Records supplied →

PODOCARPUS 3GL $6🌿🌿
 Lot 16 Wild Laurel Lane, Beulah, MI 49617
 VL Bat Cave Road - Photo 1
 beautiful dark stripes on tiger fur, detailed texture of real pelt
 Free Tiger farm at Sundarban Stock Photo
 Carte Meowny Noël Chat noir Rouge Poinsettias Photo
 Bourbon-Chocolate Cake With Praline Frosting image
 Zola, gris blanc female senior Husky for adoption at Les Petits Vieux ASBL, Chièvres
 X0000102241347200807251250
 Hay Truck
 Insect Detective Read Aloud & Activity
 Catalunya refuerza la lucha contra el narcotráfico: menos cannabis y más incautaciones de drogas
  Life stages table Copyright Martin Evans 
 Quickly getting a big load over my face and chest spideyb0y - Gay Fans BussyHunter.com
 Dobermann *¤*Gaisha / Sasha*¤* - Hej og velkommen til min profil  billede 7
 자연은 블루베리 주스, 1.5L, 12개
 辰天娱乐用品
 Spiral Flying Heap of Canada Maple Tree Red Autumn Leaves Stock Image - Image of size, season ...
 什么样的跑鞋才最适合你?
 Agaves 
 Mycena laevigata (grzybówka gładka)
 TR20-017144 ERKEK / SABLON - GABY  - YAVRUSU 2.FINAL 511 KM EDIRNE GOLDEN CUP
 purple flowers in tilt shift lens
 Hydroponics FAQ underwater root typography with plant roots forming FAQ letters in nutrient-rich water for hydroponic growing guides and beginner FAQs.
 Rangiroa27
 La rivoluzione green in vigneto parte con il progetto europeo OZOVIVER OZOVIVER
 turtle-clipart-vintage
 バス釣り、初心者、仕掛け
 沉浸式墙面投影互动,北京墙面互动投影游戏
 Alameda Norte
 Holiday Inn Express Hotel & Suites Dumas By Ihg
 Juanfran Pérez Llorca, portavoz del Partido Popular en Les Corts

Exercise → When a line in the data holds the word "Photo", show that line.

Result of this exercise →
 VL Bat Cave Road - Photo 1
 Free Tiger farm at Sundarban Stock Photo
 Carte Meowny Noël Chat noir Rouge Poinsettias Photo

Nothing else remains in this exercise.